What you are asked to do
Apart from the images, the entire listing below must be restated word for word.

Available data
>>>>

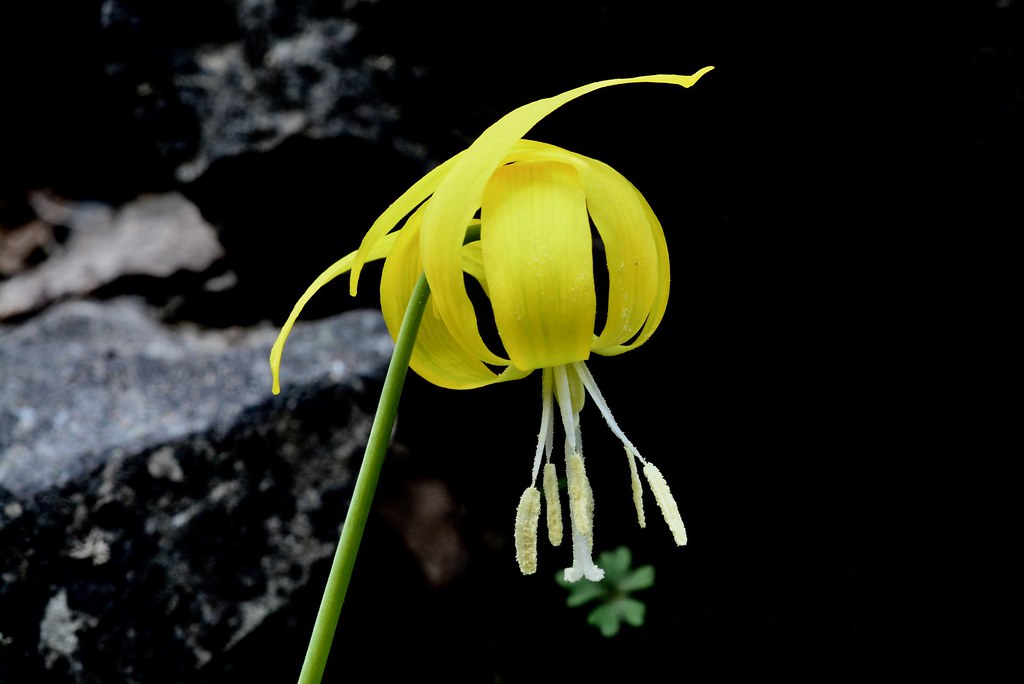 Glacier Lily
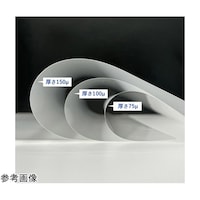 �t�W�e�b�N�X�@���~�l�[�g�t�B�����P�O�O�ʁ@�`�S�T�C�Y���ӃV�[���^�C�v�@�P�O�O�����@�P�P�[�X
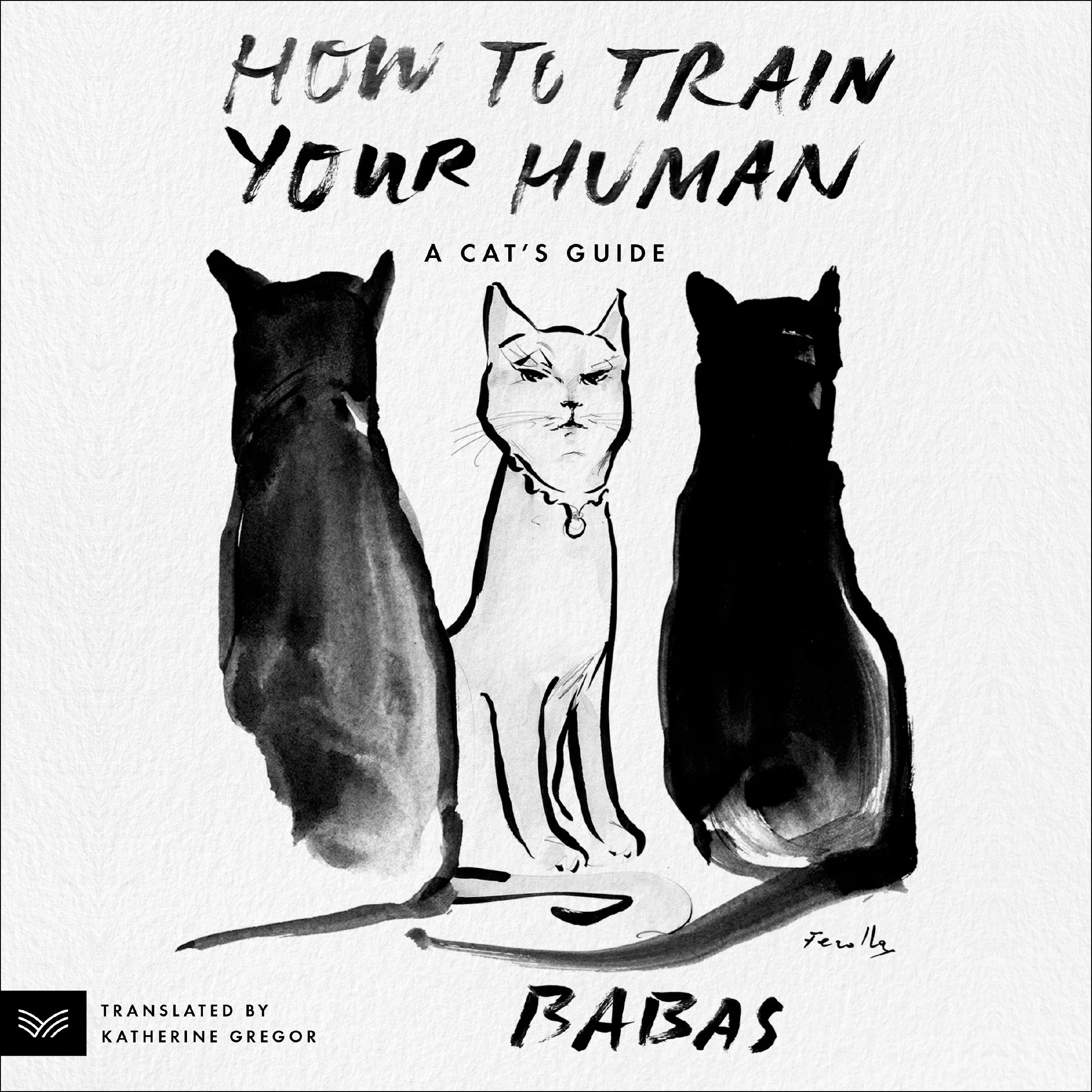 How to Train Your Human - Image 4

<<<<

Answer
 Glacier Lily
 �t�W�e�b�N�X�@���~�l�[�g�t�B�����P�O�O�ʁ@�`�S�T�C�Y���ӃV�[���^�C�v�@�P�O�O�����@�P�P�[�X
 How to Train Your Human - Image 4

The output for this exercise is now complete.